Oh, before I forget, confidence levels are calculated by subtracting the p-value from one and then multiplying by 100 to convert to a percentage — (1-0.01) x 100 would be 99 percent. Another way to measure the significance of an explanatory variable is the t-value. If a t-value is greater than or equal to +2 or -2, that is ideal. For most econometric heads, the -1.68 and the -1.89 t-values for paint non-restricted shot and attempts and midrange attempts don’t fit that criteria, but it’s close enough. Cut me some slack!

I should probably dive more into why the shot volume dummy is not statistically significant, but I wouldn’t be concerned too much given that it was mainly as a control for the overall study. What is actually strange is the corner three shot attempts variable not being statistically significant. Hopefully Ben Taylor or one of my other Nylon Calculus buddies are reading this and will reach out to tell me what’s going on. Or maybe some data dork that is a Knicks fan who reads the greatest Knicks website on the Internet will help explain the situation. The conclusion I come to is that you can more or less jack up as many corner threes as you want since there is no statistically significant negative effect. There isn’t a positive effect either, but if you’re making corner threes, you’re golden.

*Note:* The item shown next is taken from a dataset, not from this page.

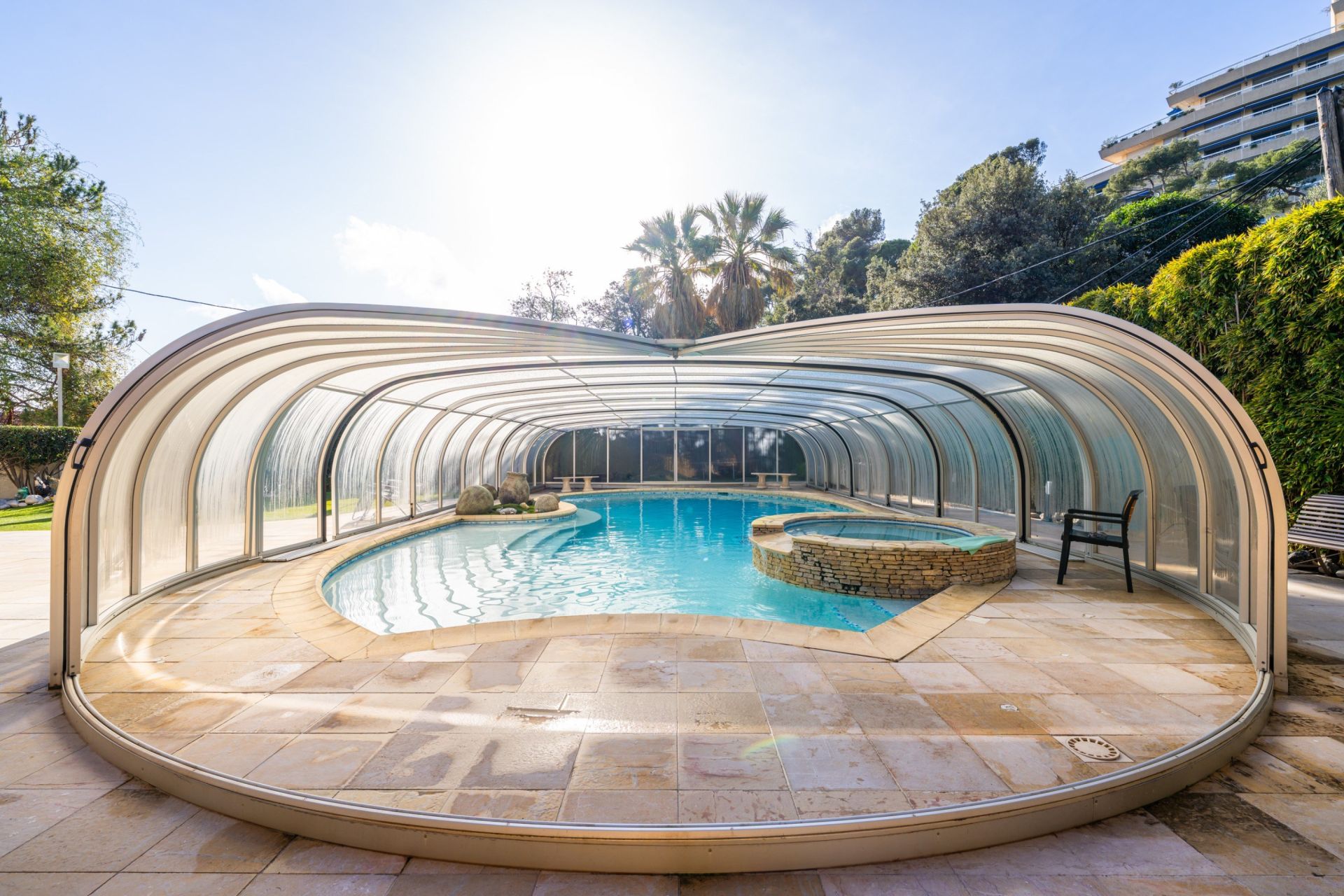 luxury house 11 Rooms for sale on MARSEILLE (13008)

So let’s go over the coefficient results. The shots made zones order from highest coefficient to lowest coefficient:

Above the break threes (+1.13)
Corner threes (+0.82)
Midrange (+0.65)
Free throws (+0.63)
Paint non-restricted area (+0.60)
Restricted area (+0.37)

You’re probably asking what do coefficients do? Great question, anonymous reader. Let’s use midrange shots made as an example. For every unit increase in midrange shots made while holding all other variables constant, luck-adjusted offensive RAPM increases +0.65. It’s surprisingly straightforward. What these results are telling us is that if you’re making threes, midrange shots, free throws, and that short midrange area at a high rate, you as a player will have a high projected LA OPRAPM.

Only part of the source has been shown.